Nuestro sistema político cada vez ordena menos formas de vida y normas jurídicas en un espacio determinado. Lo que hace es albergar en su interior seres a los que, como en el campo de concentración y aun llamándose ciudadanos, se les puede aplicar cualquier norma, desde la más brutal hasta la más “humanitaria”. Esta realidad que pocos ven, es, dice Agamben, la matriz oculta de la política, una matriz que debemos aprender a reconocer para combatirla no sólo en el mundo de los migrantes, sino también en las zonas de revisión de los aeropuertos (donde nuestros derechos políticos quedan suspendidos) y en cualquier espacio del territorio mexicano en donde vivir es jugar a la ruleta rusa.

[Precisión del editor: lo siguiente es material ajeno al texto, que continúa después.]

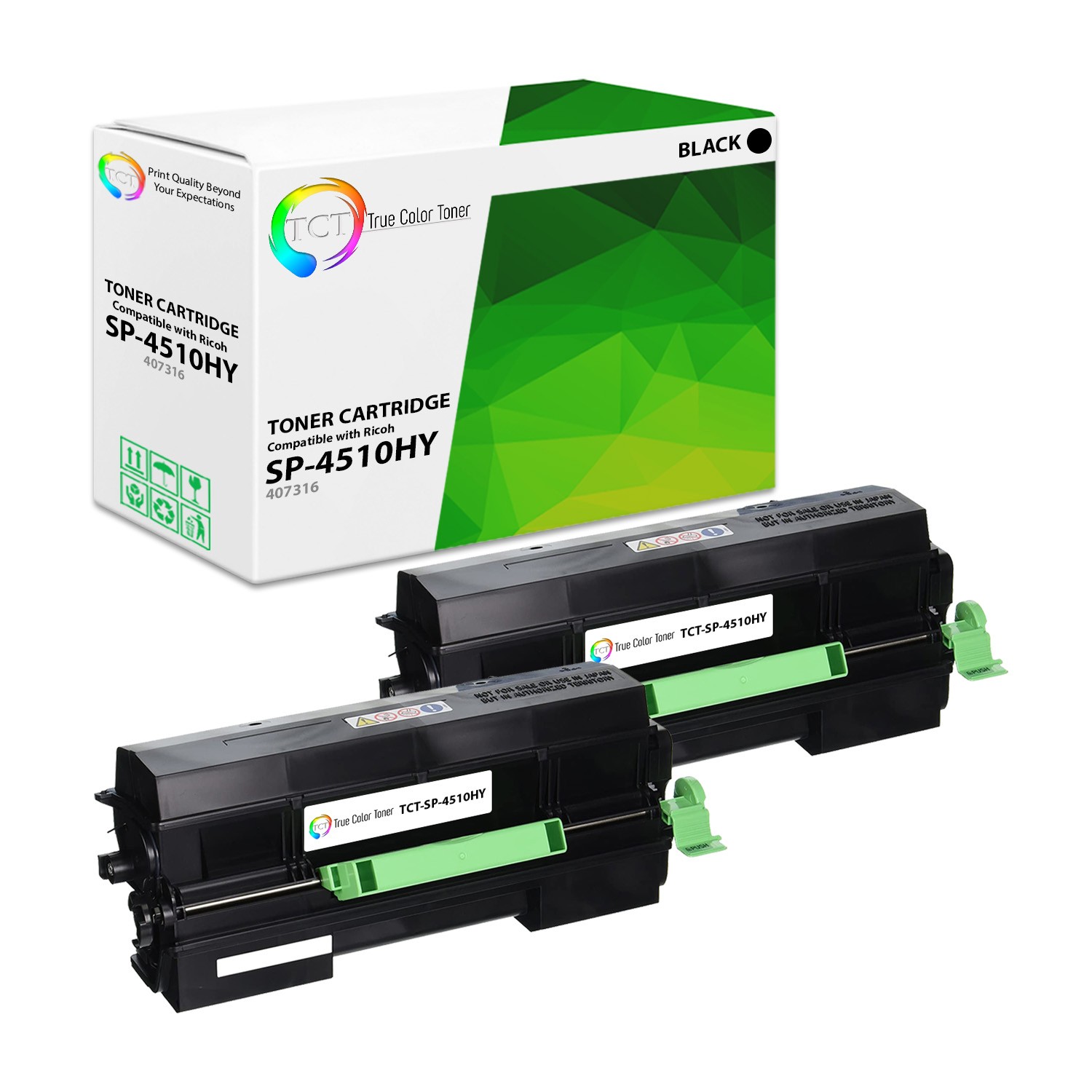 2Pk TCT Premium SP4510 Black Extra Hi-Yield for Ricoh SP4510DN Compatible Toner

Además opino que hay que respetar los Acuerdos de San Andrés, detener la guerra, liberar a las autodefensas de Mireles y a todos los presos políticos, hacer justicia a las víctimas de la violencia, juzgar a gobernadores y funcionarios criminales y refundar el INE.
Este análisis se publicó el 4 de noviembre de 2018 en la edición 2192 de la revista Proceso.